Electronic Submission of Posters
An electronic file of the poster must be emailed to the competition chair by Friday, January 17, 2014, 11:59 pm EST. This electronic version will be reviewed by the judges before the presentations.
The author of the poster must present the poster for judging at the AAAS Science and Human Rights Coalition meeting on January 27, 2014. All posters must be displayed on easels, which will be provided on-site. Computer display equipment, sound or projection equipment, or freestanding displays are not permitted.

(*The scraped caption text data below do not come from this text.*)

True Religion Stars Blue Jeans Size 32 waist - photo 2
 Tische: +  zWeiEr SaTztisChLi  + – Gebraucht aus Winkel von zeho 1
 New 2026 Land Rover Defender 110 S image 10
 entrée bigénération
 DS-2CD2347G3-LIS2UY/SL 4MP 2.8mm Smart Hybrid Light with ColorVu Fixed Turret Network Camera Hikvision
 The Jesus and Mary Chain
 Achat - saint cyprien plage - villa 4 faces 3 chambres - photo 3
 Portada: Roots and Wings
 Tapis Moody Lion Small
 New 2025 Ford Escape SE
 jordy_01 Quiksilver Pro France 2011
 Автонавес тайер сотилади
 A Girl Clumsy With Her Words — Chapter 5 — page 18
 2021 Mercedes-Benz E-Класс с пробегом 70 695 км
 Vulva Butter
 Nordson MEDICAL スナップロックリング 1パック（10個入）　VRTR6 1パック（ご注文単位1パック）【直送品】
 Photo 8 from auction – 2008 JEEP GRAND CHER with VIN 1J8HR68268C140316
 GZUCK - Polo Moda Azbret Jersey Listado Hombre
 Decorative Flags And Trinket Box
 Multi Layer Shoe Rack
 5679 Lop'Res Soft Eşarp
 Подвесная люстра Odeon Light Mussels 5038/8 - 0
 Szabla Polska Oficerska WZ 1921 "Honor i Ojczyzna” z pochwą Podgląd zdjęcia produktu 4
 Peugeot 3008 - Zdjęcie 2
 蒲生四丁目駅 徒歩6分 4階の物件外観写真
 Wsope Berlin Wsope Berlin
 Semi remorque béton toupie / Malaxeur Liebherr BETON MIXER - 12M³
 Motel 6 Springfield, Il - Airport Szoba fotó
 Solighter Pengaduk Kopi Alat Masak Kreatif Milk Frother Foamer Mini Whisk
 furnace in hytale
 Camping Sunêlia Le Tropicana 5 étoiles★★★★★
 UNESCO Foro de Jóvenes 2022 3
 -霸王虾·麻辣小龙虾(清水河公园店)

All posters must be set up during time allotted before the meeting starts in the morning on January 27, 2014, and must remain up until the meeting ends that evening. Materials must then be removed promptly, by the end of the meeting on Tuesday, January 28, 2014. AAAS will not be responsible for material left on easels after the meeting.
Posters will be judged by members of the AAAS Science and Human Rights Coalition who are qualified scientists, engineers and other professionals in scientific subjects who have experience connecting their professional work to human rights. The judges will consider the poster's relevance to the topic in the Call for Entries, quality of argument demonstrated by the poster and the presentation, creativity in responding to the topic, the student's understanding of the topic evidenced by the presentation, and overall effective communication of the student's ideas.